ABOUT THIS TASK
Please repeat the data exactly. Any picture in it stays out.

PROVIDED DATA
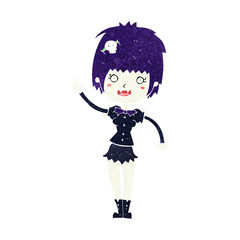 cartoon waving vampire girl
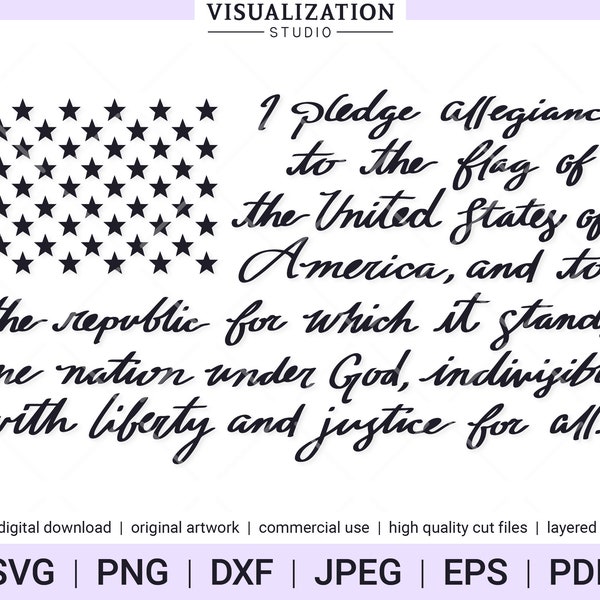 Pledge Of Allegiance Flag | America | Vector Clipart | INSTANT DIGITAL DOWNLOAD | svg | png | dxf | jpeg | eps | pdf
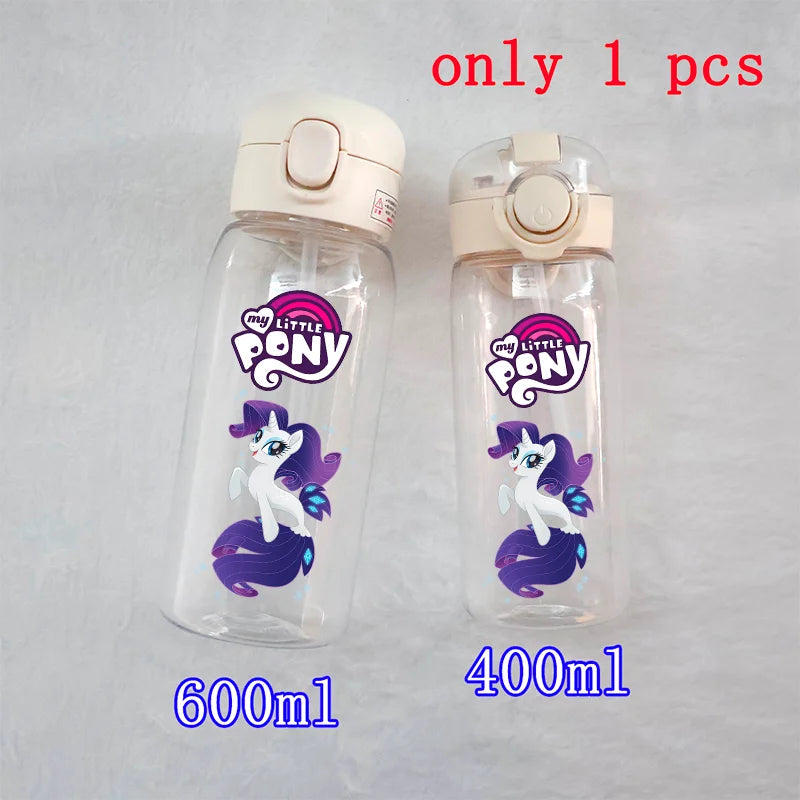 400/600ml My Little Pony Twilight Sparkle Transparent Plastic Water Cup Portable Leakproof Outdoor Sport Kids Drinking Bottle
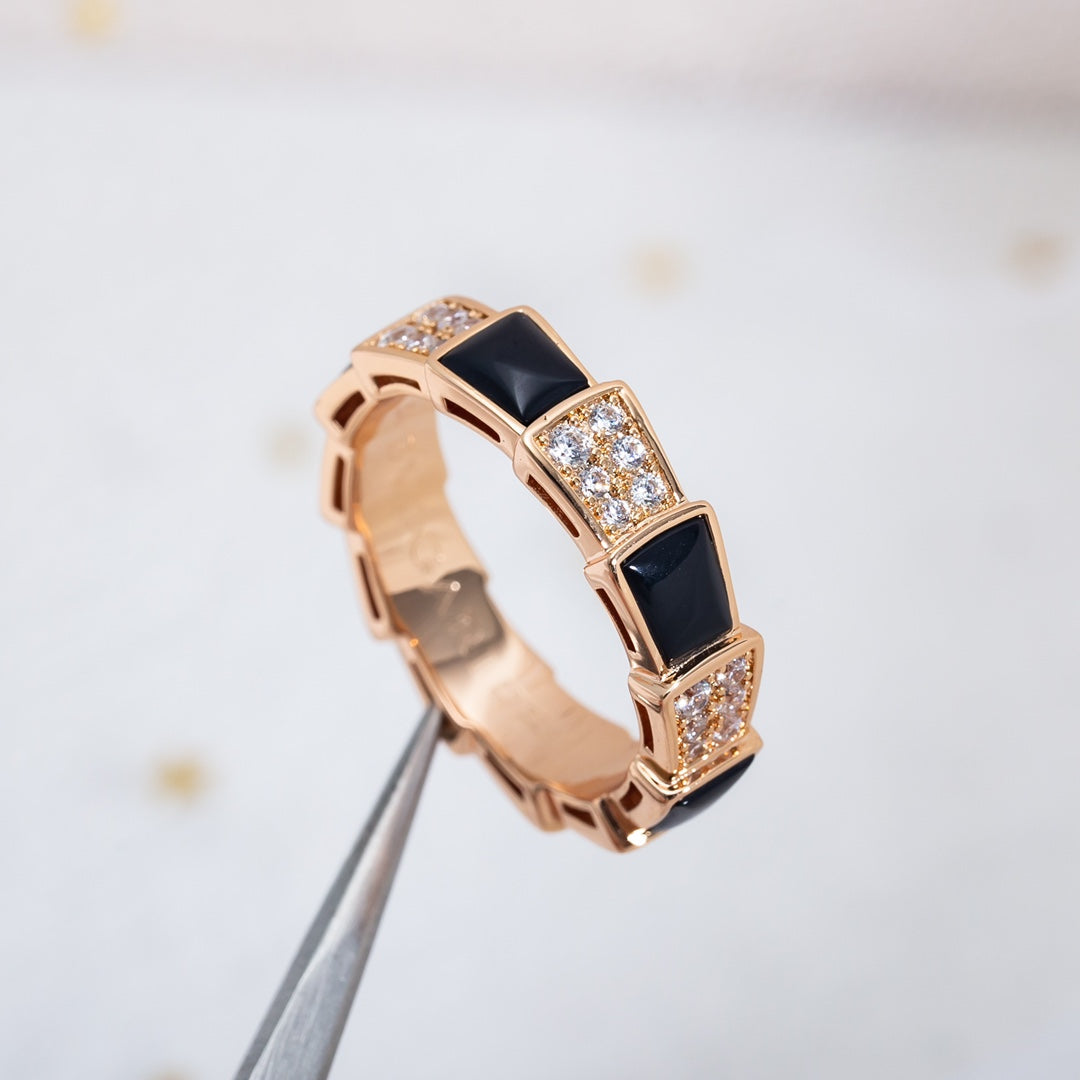 [Opulent Aurora]SERPENTI RING PINK GOLD BLACK MOP DIAMOND PAVED 4MM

SOLUTION TO THIS EXERCISE
 cartoon waving vampire girl
 Pledge Of Allegiance Flag | America | Vector Clipart | INSTANT DIGITAL DOWNLOAD | svg | png | dxf | jpeg | eps | pdf
 400/600ml My Little Pony Twilight Sparkle Transparent Plastic Water Cup Portable Leakproof Outdoor Sport Kids Drinking Bottle
 [Opulent Aurora]SERPENTI RING PINK GOLD BLACK MOP DIAMOND PAVED 4MM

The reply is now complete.